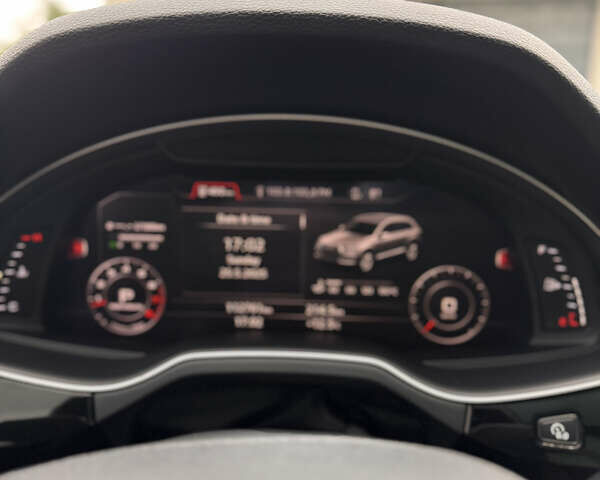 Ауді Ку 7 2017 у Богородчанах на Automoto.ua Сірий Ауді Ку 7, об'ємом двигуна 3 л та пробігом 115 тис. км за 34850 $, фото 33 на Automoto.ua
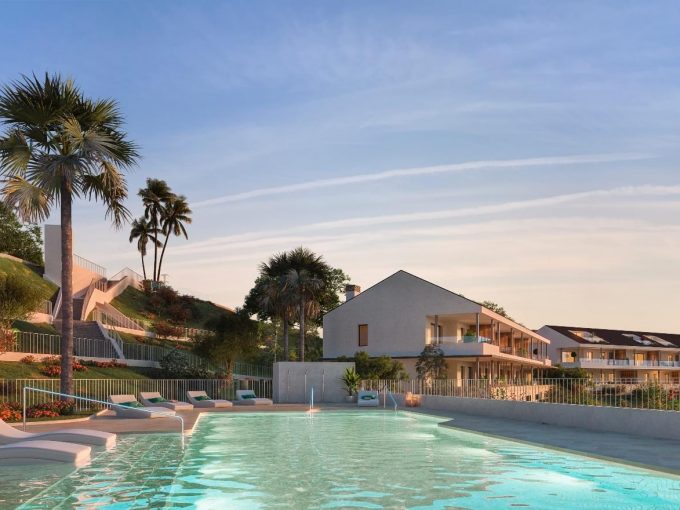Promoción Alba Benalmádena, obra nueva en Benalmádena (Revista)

+ + + + + + +

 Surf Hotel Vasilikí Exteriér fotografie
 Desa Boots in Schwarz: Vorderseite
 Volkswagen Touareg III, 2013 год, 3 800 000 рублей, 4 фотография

+ + + + + + +

● TASK PROMPT: Go through the material above and output exactly the lines from the one containing "Surf Hotel Vasilikí Exteriér fotografie" through the one containing "Volkswagen Touareg III, 2013".

● TASK ANSWER:
 Surf Hotel Vasilikí Exteriér fotografie
 Desa Boots in Schwarz: Vorderseite
 Volkswagen Touareg III, 2013 год, 3 800 000 рублей, 4 фотография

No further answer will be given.